Hi,I hope you can help me out with this, its a pretty simple question that I havent found the answer for. Is there really a big difference(hardware,bios..) between the core version and other versions(SC,FTW..) with higher clocks? I am wondering because I just ordered a evga gtx 280 core version and some people have overclocked it up to 670(FTW clocks)without doing any mayor changes...so paying more for a higher clocked version doesn't seems right unless you don't know how to overclock it or is it something with the warranty? Anyway any helpful info is really apreciated.
Buy stock & overclock it yourself, just my opinion. There is no difference except for a little BIOS change. You may/may not get a higher quality piece of hardware, but in my experience I've been able to hit the FTW/SSC clocks on all my stock cards no problem.

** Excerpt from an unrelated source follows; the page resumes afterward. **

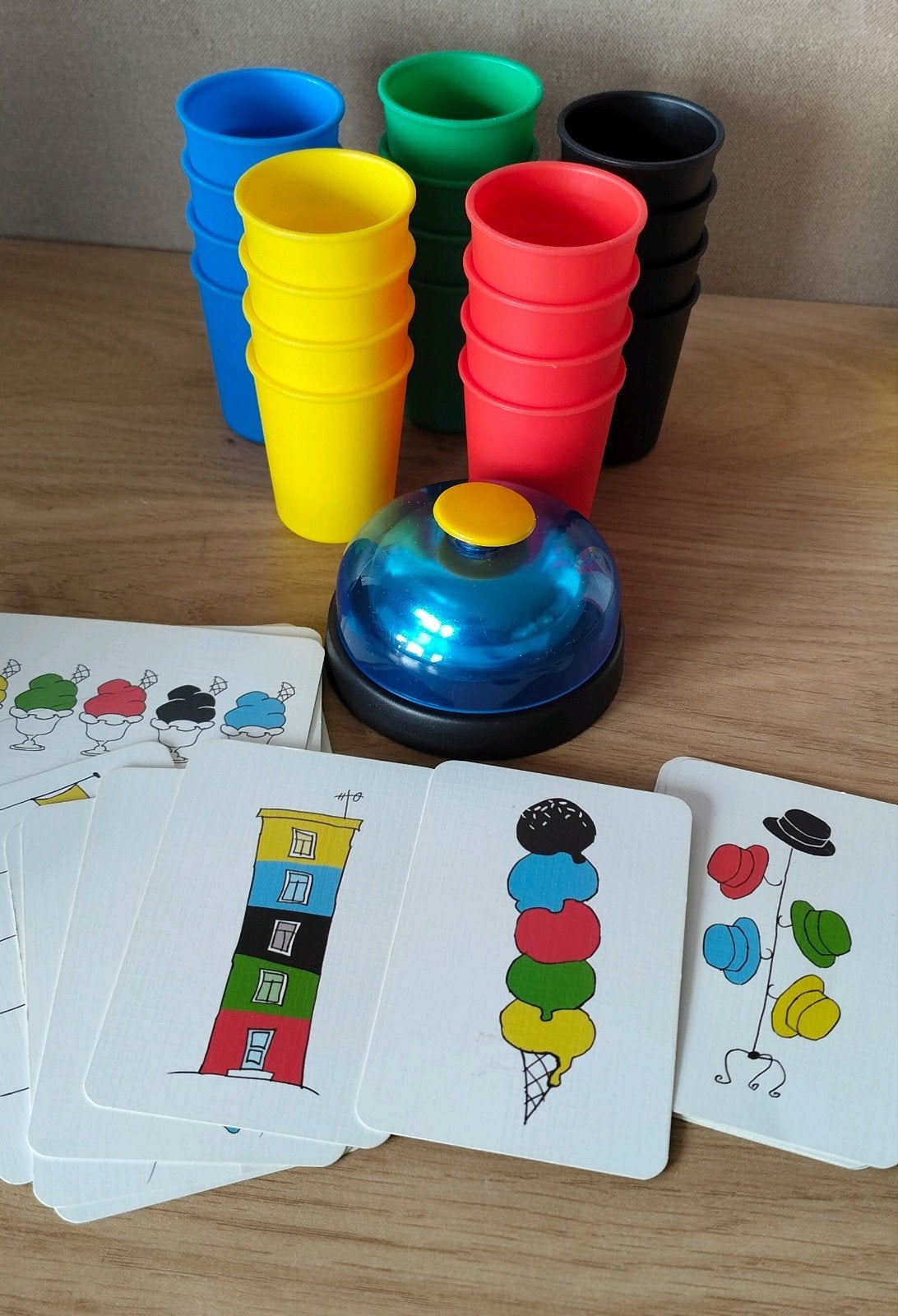 Stapelgekke Speed Cups - Snel reactiespel voor jong en oud, Drie of vier spelers, Verzenden, Zo goed als nieuw, 999 Games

Yeah thats actually what I plan on doing, but still what could they change? thermal paste? what? I am really curious about it......because paying $75(core vs FTW) for something you can do seems...weird. Anyway biggerx thanks for the replying....but still if anyone knows exactly what really changes, it would be cool to know.
I'm running my SSC daily at 729/1566/2484 For benching I run it at 759/1620/2538 on air. Stock clocks are 648/1404/2322 So you can see the SCC version is an overclocking monster. If I was watercooling, I'm sure I could hit 800mhz and over 2600 memory easy. Right now I've got the top single GPU score here for 3Dmark06 and 3DmarkVantage. Dang....just looked it up. They don't sell my model anymore...bummer. In a way you are right but if you want the fastest with more OC headroom and those few extra frames you go with the factory OC versions and spend a few more bucks. So there isn't really a right answer. The right answer is what is right for you, what makes you happy and what you want to accomplish with your system.
They bin the chips based on speed. In other words, when they are manufactured the individual GPU and memory chips are tested and binned according to the speed they attain. The faster chips are used in the OC versions of the cards.